May 21, 2018
& End Date
at 460-126 (Greenberg Seminar Room)
Symbolic Systems Forum
Public Presentations of M.S. Projects
Devangi Vivrekar (M.S. Candidate)
Symbolic Systems Program
George Pakapol Supaniratisai (M.S. Candidate)
Symbolic Systems Program
Monday, May 21, 2018
Building 460, Room 126 (Margaret Jacks Hall)
(1) Devangi Vivrekar (M.S. Candidate), Symbolic Systems Program, "Persuasive Design Techniques in the Attention Economy: Taxonomy and User Awareness" (Advisor: James Landay, Computer Science; Second Reader: Alia Crum, Psychology)
The systematic study of persuasion has captured researchers’ interest since the advent of mass influence mechanisms such as radio, television, and advertising. With the unprecedented growth of massively popular social media applications that are ubiquitously accessible on smart devices, consumers’ attention, attitudes, and behaviors are constantly influenced by persuasive design techniques on platforms that profit by maximizing users’ time spent on site. Although there exists a rich social psychology literature on methods of persuasion and exploitable cognitive biases, we lack a mapping of the specific persuasive design techniques used by products like Facebook or LinkedIn onto this persuasive space. In this talk, I will discuss our efforts to contribute to and update the taxonomies of persuasion. I will also present our design of a system that annotates online newsfeeds to point out the use of persuasive design techniques in real time, and discuss its effects on user awareness of these techniques.

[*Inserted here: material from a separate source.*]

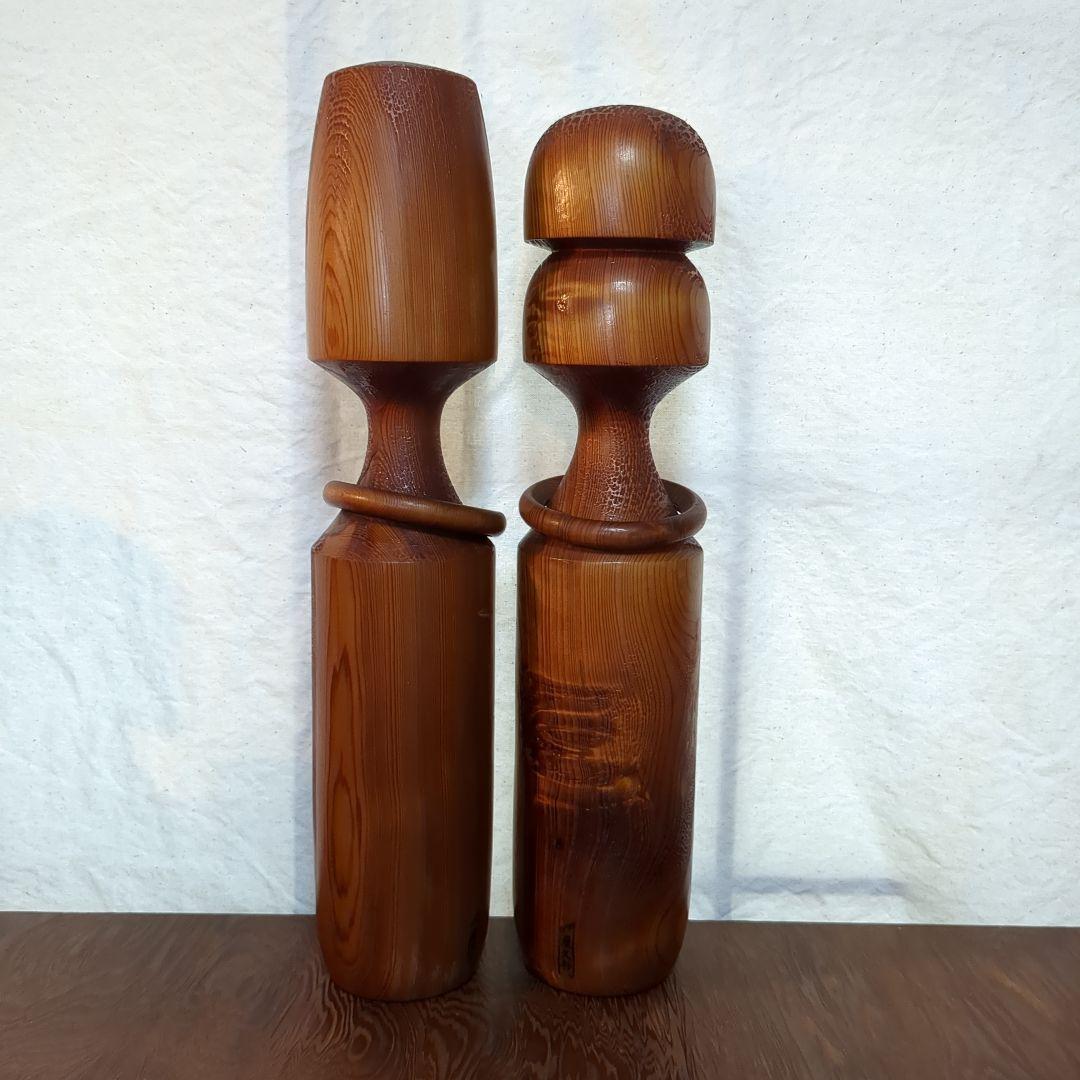 屋久杉　夫婦こけし人形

(2) George Pakapol Supaniratisai (M.S. Candidate), Symbolic Systems Program (Primary Advisor: Surya Ganguli, Applied Physics; Second Reader: Johan Ugander, Management Science and Engineering)

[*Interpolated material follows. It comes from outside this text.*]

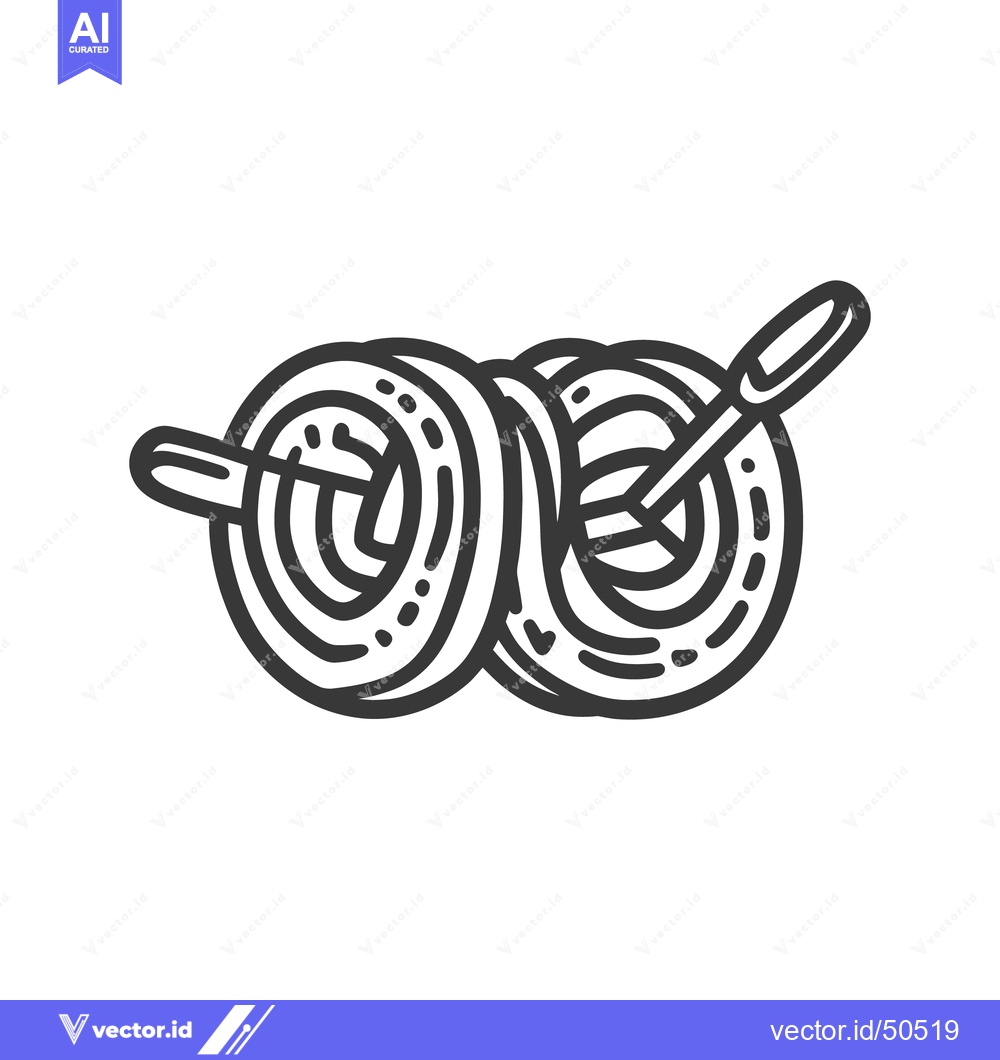 Premium Vector of A black and white illustration of cooked spaghetti and utensil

With an ever larger amount of data stored throughout the internet, data privacy become a major concern for several parties. Recently, several incidents of unintentional “data breach” arises from publicly available data, where the information can be relinked to deanonymize the users through machine learning exploits. Conversely, several companies and organizations want to move towards transparency, more usage data are published, especially those related to the government officials’ activities.
In this talk, we will explore the idea of differential privacy: trading away the data precision to prevent reidentification of users, while preserving the performance in the machine learning applications in different types of models. We will walk through preliminary findings and discuss the implications and future works.